Ruby parse through string

Question

I have a string that looks like below, and I have to remove everything between the first bracket and the last bracket. All bets are off, on what's in between (regarding other brackets). What would be the best aproach, thanks.

'[

        { "foo":
            {"bar":"foo",
                "bar": {
                    ["foo":"bar", "foo":"bar"]
                }
            }
        }

    ],

"foo":"bar","foo":"bar"'

result:

  ',

    "foo":"bar","foo":"bar"'

Your example data doesn't seem to be valid JSON. Was it supposed to be? The deviations are :- The inner most array is using pairs, so it should be an object.. AND The outermost scope seems to be a list, but it contains [] and pairs "":"" .. so it's not an object body or array body. -- is this the way you intended it? — Nigel Thorne
– Nigel Thorne, Commented Nov 23, 2011 at 21:50

mu is too short · Accepted Answer · 2011-10-07 19:00:27Z

1

If your data really does look like that and you don't have an brackets in the bit at the end then:

s.gsub(/\[.*\]/m, '')

If you want to be a little more paranoid, then you can look for ], followed by an end-of-line:

s.gsub(/\[.*\],$/m, ',')

Hard to say any more than that without a specification of your data format.

answered Oct 7, 2011 at 19:00

mu is too short

436k71 gold badges863 silver badges822 bronze badges

Sign up to request clarification or add additional context in comments.

6 Comments

dt1000 Over a year ago

Darn, good observation, actually the bit at the end MAY have brackets. I have to find the corresponding close-bracket for the first open-bracket, and remove what's in between. Incidentally, this is json, but I can't treat it like a hash because the order matters. Total pain. So, this almost works, but what if i have brackets at the end? Thanks!

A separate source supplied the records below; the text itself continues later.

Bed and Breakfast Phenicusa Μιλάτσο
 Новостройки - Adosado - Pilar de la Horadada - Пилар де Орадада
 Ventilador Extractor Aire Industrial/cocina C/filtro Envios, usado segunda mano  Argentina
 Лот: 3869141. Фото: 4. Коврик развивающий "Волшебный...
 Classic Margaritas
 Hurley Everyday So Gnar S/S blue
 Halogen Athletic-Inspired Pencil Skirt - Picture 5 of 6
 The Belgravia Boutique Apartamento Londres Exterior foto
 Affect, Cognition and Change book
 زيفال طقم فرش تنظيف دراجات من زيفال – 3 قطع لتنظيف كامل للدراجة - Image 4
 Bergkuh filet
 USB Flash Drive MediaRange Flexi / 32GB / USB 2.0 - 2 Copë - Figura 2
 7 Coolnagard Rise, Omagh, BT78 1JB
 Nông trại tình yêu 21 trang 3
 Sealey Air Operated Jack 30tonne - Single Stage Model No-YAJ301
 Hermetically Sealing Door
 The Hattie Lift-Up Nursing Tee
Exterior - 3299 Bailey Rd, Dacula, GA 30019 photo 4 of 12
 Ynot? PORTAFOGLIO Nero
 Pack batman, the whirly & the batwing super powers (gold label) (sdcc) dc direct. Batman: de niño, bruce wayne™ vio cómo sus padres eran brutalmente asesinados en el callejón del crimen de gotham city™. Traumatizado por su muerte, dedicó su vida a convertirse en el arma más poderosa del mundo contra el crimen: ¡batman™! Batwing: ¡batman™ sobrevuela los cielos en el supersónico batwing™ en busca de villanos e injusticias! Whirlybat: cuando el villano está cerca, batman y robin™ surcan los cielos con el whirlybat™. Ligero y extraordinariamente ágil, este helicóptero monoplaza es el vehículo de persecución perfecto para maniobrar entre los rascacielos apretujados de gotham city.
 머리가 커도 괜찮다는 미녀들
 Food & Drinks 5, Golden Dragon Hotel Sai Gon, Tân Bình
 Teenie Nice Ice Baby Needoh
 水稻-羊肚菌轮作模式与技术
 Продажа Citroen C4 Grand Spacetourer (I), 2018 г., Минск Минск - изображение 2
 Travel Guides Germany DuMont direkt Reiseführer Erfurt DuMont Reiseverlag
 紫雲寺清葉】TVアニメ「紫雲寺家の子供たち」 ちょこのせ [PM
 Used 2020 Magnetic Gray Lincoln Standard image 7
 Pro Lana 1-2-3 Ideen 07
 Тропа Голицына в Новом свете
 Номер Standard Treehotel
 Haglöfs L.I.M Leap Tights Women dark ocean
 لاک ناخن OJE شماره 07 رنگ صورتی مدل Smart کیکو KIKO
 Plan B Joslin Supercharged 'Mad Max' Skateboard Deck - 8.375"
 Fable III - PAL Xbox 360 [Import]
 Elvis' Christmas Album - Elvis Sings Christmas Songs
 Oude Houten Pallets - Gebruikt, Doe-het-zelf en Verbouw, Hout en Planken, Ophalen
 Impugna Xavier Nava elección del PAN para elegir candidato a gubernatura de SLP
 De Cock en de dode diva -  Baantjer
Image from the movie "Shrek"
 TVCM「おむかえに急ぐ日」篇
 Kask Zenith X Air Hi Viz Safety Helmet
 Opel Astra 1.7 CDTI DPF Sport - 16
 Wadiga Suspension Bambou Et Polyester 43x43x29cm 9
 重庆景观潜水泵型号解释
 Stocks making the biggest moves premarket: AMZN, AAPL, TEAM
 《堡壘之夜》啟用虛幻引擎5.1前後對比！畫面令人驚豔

mu is too short Over a year ago

@dt1000: But what you posted in your question is not JSON. You might want to update your question with real data (or at least valid fake data). I take it that fix the JSON producer to produce sensible JSON (i.e. ordered things are in arrays) is out of the question?

mu is too short Over a year ago

@dt1000: Also, how exactly do you identify the part that you want to remove?

dt1000 Over a year ago

not sure if this will be readable, but i am trying to remove the key "thingToRemove" and its value, thanks'{ "groupRateSDI":"0.125","groupRate":"0.55", "coverageLevels":[".5",".6" ], "thingToRemove": [ { "memberCoverage": {"formula":"Formulas.levelsMultiplier", "parameters": { "type":"memberCoverage" } } }, { "memberMaxIncrements": {"formula":"Formulas.maxIncrement", "parameters": { "type":"member", "incrementType":"salaryMultiplierCoverageArray" } } } ], "someKey":"800","someKey2":"180"}'

mu is too short Over a year ago

@dt1000: Do you know the order that the keys should be in in the JSON? If you do then you could parse it as JSON, snip out the stuff you don't want, and then put it back into JSON format piece by piece.

|

psyho · Accepted Answer · 2011-10-07 19:03:20Z

0

Here you go:

string.gsub(/\[.*\]/m, '')

You need to use the m flag for the . to match newline characters. .* is already greedy, so it will match any number of brackets in between.

answered Oct 7, 2011 at 19:03

psyho

7,2225 gold badges25 silver badges24 bronze badges

Comments

Andy Waite · Accepted Answer · 2011-10-07 19:04:33Z

0

It's difficult to tell what you're trying to achieve, but that looks like JSON to me so it would probably be much easier to parse it and then manipulate it that way.

answered Oct 7, 2011 at 19:04

Andy Waite

11.1k4 gold badges35 silver badges49 bronze badges

1 Comment

dt1000 Over a year ago

can't gotta keep the order. cant change the json.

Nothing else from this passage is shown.